John Paulson, the hedge-fund manager trying to recover from more than two years of losses in some of his funds, told investors he likes convertible bonds, according to a person familiar with the matter.
Paulson, speaking on a conference call with clients today, also said mortgage-backed securities have been performing well within the New York-based firm’s Credit Opportunities Fund, according to a person who listened and asked not to be identified because the information isn’t public. The strategy is Paulson’s biggest, with $5.9 billion in assets, according to a letter to investors that was obtained by Bloomberg News….
Convertible bonds rose 7.9 percent in the first quarter and 9.9 percent last year, compared with returns for investment- grade corporate bonds of 1.5 percent this year and 10 percent in 2012, according to Bank of America Merrill Lynch data.

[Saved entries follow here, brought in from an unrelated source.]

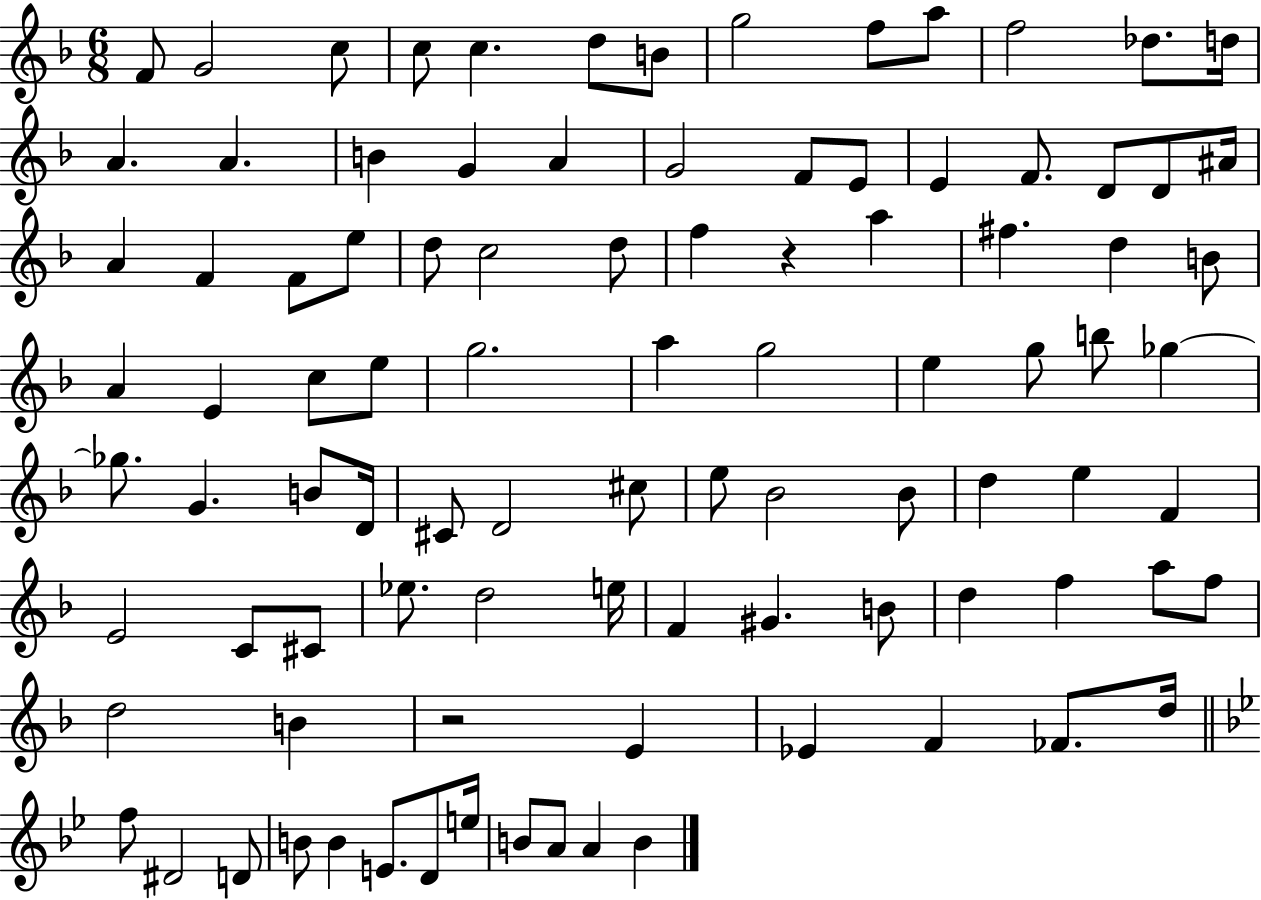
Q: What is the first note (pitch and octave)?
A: F4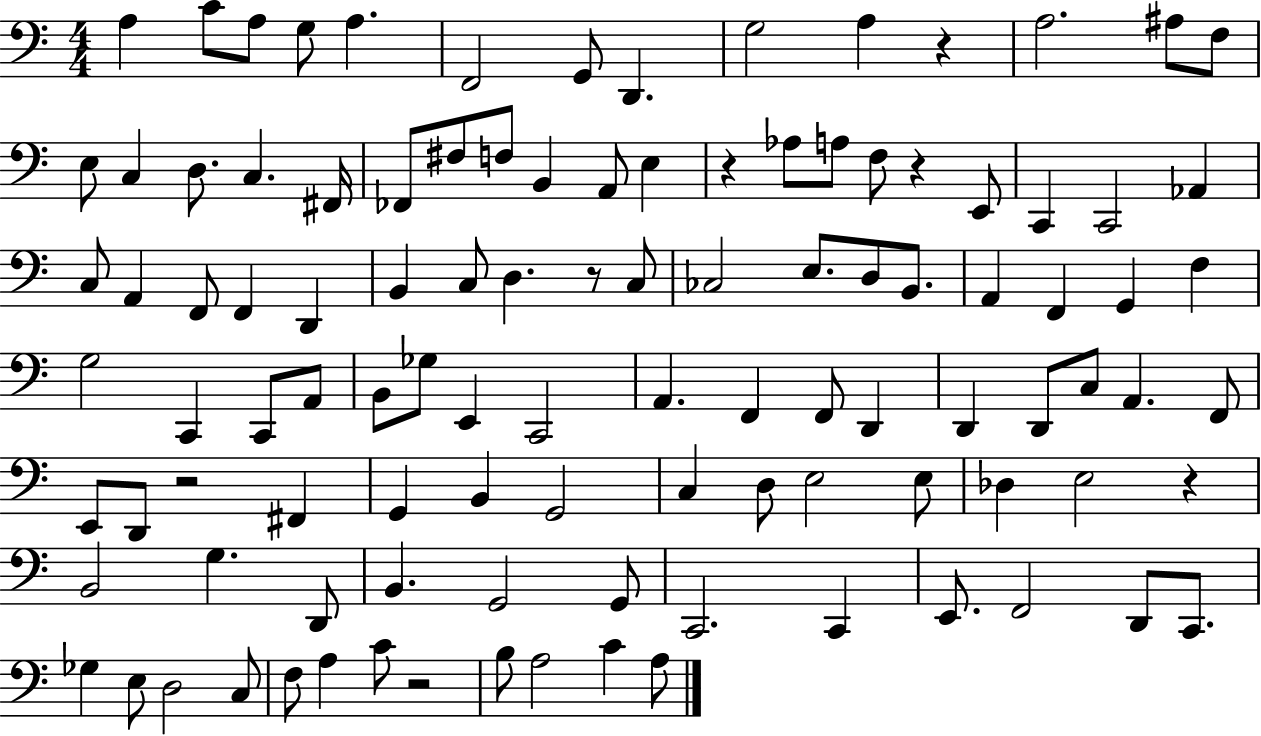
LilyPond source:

{
  \clef bass
  \numericTimeSignature
  \time 4/4
  \key c \major
  a4 c'8 a8 g8 a4. | f,2 g,8 d,4. | g2 a4 r4 | a2. ais8 f8 | \break e8 c4 d8. c4. fis,16 | fes,8 fis8 f8 b,4 a,8 e4 | r4 aes8 a8 f8 r4 e,8 | c,4 c,2 aes,4 | \break c8 a,4 f,8 f,4 d,4 | b,4 c8 d4. r8 c8 | ces2 e8. d8 b,8. | a,4 f,4 g,4 f4 | \break g2 c,4 c,8 a,8 | b,8 ges8 e,4 c,2 | a,4. f,4 f,8 d,4 | d,4 d,8 c8 a,4. f,8 | \break e,8 d,8 r2 fis,4 | g,4 b,4 g,2 | c4 d8 e2 e8 | des4 e2 r4 | \break b,2 g4. d,8 | b,4. g,2 g,8 | c,2. c,4 | e,8. f,2 d,8 c,8. | \break ges4 e8 d2 c8 | f8 a4 c'8 r2 | b8 a2 c'4 a8 | \bar "|."
}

The Standard & Poor’s 500 Index increased 11 percent, with reinvested dividends, in the first three months of 2013 and 16 percent last year.
Paulson’s Advantage fund, which employs a similar strategy as Advantage Plus and seeks to profit from corporate events such as takeovers and bankruptcies, climbed 3.4 percent in the first quarter. Had the fund not been invested in gold equities, it would have been up about 8 percent to 9 percent, Paulson is said to have told investors on the conference call. The fund would have gained 15 percent this year through yesterday without its investment in bullion miners, Paulson said, according to the person. Shares of gold producers comprised about 25 percent of the Advantage strategy as of last year.
Alas, Advantage is no longer doing even that well.
Hedge fund billionaire John Paulson's best-known fund is down 2.4 percent in April, largely due to the sharp selloff in gold, a source familiar with the numbers said on Thursday.
The Paulson & Co Advantage fund is making money for the year, but just barely, with a 1.3 percent gain, the source said.